Diese Dynamik zeigte sich erneut bei dem jüngsten Vorschlag zu den US-Truppenstationierungen in Europa.

Überraschende Ankündigung

Die Andeutung von Präsident Donald Trump, er könnte US-Truppen aus Deutschland abziehen, soll Pentagon-Beamte überrascht haben, wie Berichte von Politico und dem Express zitieren.

Die Idee wurde erstmals in einem Beitrag auf seiner Truth-Social-Plattform geäußert, wo Trump erklärte, Beamte „prüften und bewerteten die mögliche Reduzierung der Truppen in Deutschland, wobei eine Entscheidung in der nächsten kurzen Zeitspanne getroffen werden solle“.

Für viele innerhalb des Verteidigungsministeriums war dies der erste Hinweis darauf, dass ein solcher Schritt in Betracht gezogen wurde.

Beamte erklärten, es habe keine vorherige Planung für einen Abzug gegeben.

„Das Pentagon habe dies nicht erwartet und keinerlei Abzug geplant“, sagte ein mit der Situation vertrauter Kongressmitarbeiter.

Der Vorschlag steht im Gegensatz zu einer kürzlich erfolgten Überprüfung der globalen Truppenstationierungen durch das Pentagon, die keine größeren Reduzierungen in Europa empfohlen hatte.

Strategische Bedenken

Derzeit sind etwa 35.000 bis 40.000 US-Soldaten in Deutschland stationiert, die einen wesentlichen Bestandteil der europäischen Verteidigungsstruktur der NATO bilden.

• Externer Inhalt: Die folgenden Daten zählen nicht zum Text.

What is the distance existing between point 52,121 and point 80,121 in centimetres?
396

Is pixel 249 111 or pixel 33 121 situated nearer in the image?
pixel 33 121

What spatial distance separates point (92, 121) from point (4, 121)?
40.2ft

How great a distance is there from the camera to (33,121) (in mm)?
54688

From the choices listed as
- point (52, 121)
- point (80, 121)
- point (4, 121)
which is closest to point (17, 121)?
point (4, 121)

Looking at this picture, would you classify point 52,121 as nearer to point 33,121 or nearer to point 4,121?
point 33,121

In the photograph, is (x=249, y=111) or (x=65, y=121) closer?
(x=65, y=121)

Sicherheitsexperten warnen, dass eine Reduzierung dieser Präsenz das Gleichgewicht in der Region verschieben könnte, insbesondere angesichts der anhaltenden Spannungen mit Russland.

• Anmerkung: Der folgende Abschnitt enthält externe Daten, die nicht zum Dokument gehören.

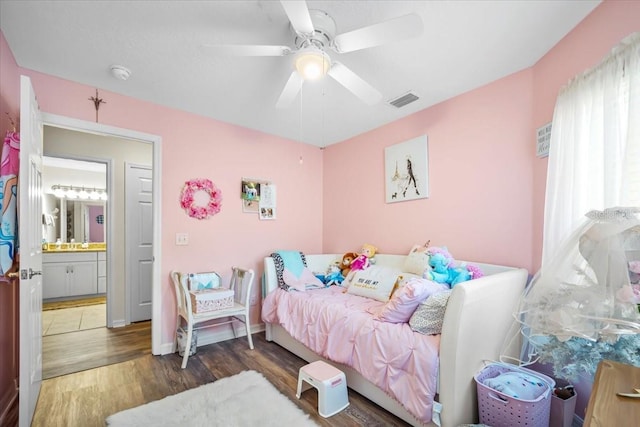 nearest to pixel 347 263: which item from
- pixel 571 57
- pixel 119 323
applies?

Europäische Staats- und Regierungschefs haben bereits Bedenken hinsichtlich potenzieller zukünftiger Bedrohungen für NATO-Länder geäußert.

Trumps Äußerungen erfolgen inmitten wachsender Reibereien mit europäischen Verbündeten, einschließlich Meinungsverschiedenheiten über den Konflikt mit dem Iran.

Anfang dieses Monats sagte er, er würde „absolut ohne Frage“ einen vollständigen Austritt aus der NATO in Betracht ziehen, falls die Verbündeten die US-Maßnahmen nicht unterstützten.